Factorial Kriging Analysis¶

In [1]:
%%javascript
IPython.OutputArea.prototype._should_scroll = function(lines) {
    return false;
}
In [2]:
import gstlearn as gl
import gstlearn.plot as gp
import matplotlib.pyplot as plt
import numpy as np
import os
import urllib.request

flagInternetAvailable = True ## Set to false if no internet

The Grid containing the information is downloaded from the distribution.

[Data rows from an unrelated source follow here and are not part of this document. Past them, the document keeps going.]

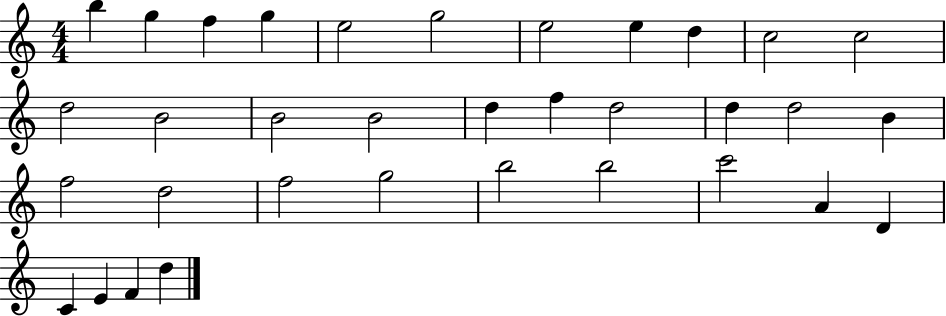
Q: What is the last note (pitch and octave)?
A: D5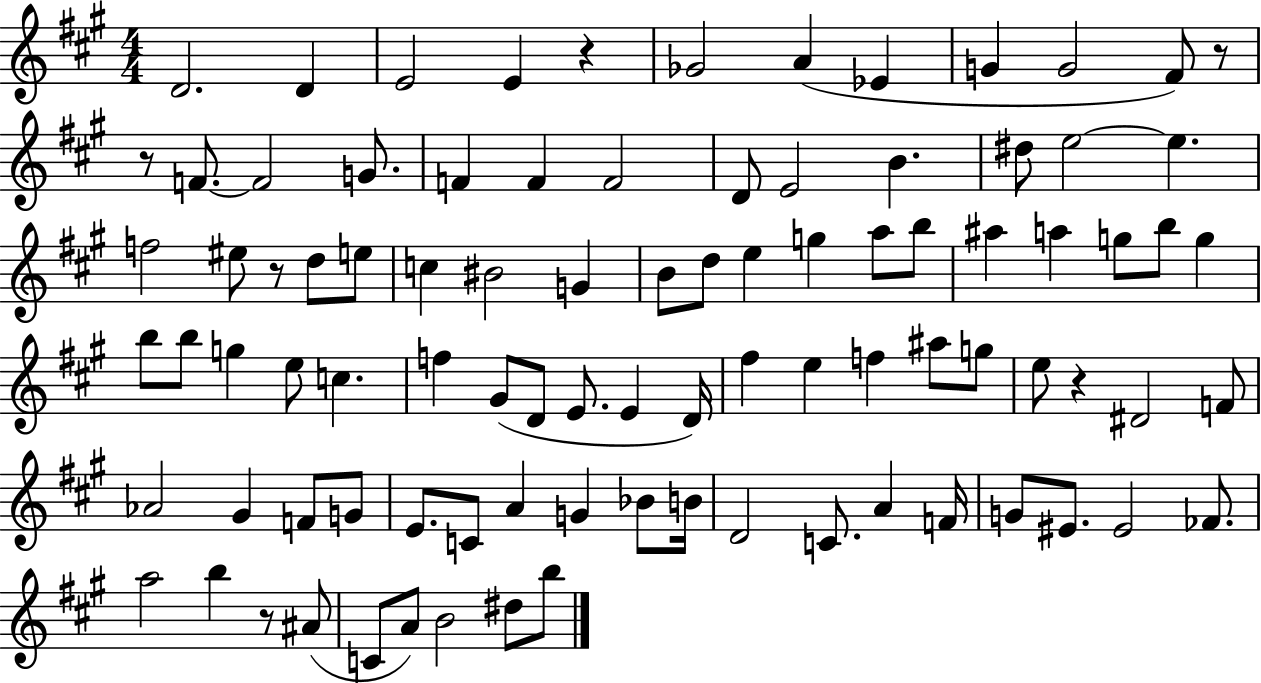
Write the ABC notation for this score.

X:1
T:Untitled
M:4/4
L:1/4
K:A
D2 D E2 E z _G2 A _E G G2 ^F/2 z/2 z/2 F/2 F2 G/2 F F F2 D/2 E2 B ^d/2 e2 e f2 ^e/2 z/2 d/2 e/2 c ^B2 G B/2 d/2 e g a/2 b/2 ^a a g/2 b/2 g b/2 b/2 g e/2 c f ^G/2 D/2 E/2 E D/4 ^f e f ^a/2 g/2 e/2 z ^D2 F/2 _A2 ^G F/2 G/2 E/2 C/2 A G _B/2 B/4 D2 C/2 A F/4 G/2 ^E/2 ^E2 _F/2 a2 b z/2 ^A/2 C/2 A/2 B2 ^d/2 b/2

The loaded file (called grid ) contains 3 variables:

  • P (phosphorus) which is the variable of interest
  • Cr (chromium) is an auxiliary variable
  • Ni (nickel) another auxiliary variable
In [3]:
fileImage='Image.ascii'
if flagInternetAvailable:
    fileNF, head = urllib.request.urlretrieve('https://soft.minesparis.psl.eu/gstlearn/data/FKA/'+fileImage,'./'+fileImage)
else:
    fileNF='./'+fileImage

grid = gl.DbGrid.createFromNF(fileNF)
ndim = 2
gl.defineDefaultSpace(gl.ESpaceType.RN, ndim)
In [4]:
dbfmt = gl.DbStringFormat()
dbfmt.setFlags(flag_resume=False,flag_vars=False,flag_stats=True, names="P")
grid.display(dbfmt)
Data Base Grid Characteristics
==============================

Data Base Statistics
--------------------
6 - Name P - Locator NA
 Nb of data          =     262144
 Nb of active values =     242306
 Minimum value       =      0.000
 Maximum value       =    314.000
 Mean value          =     31.767
 Standard Deviation  =     21.759
 Variance            =    473.457
 

Note that some pixels are not informed for variable P.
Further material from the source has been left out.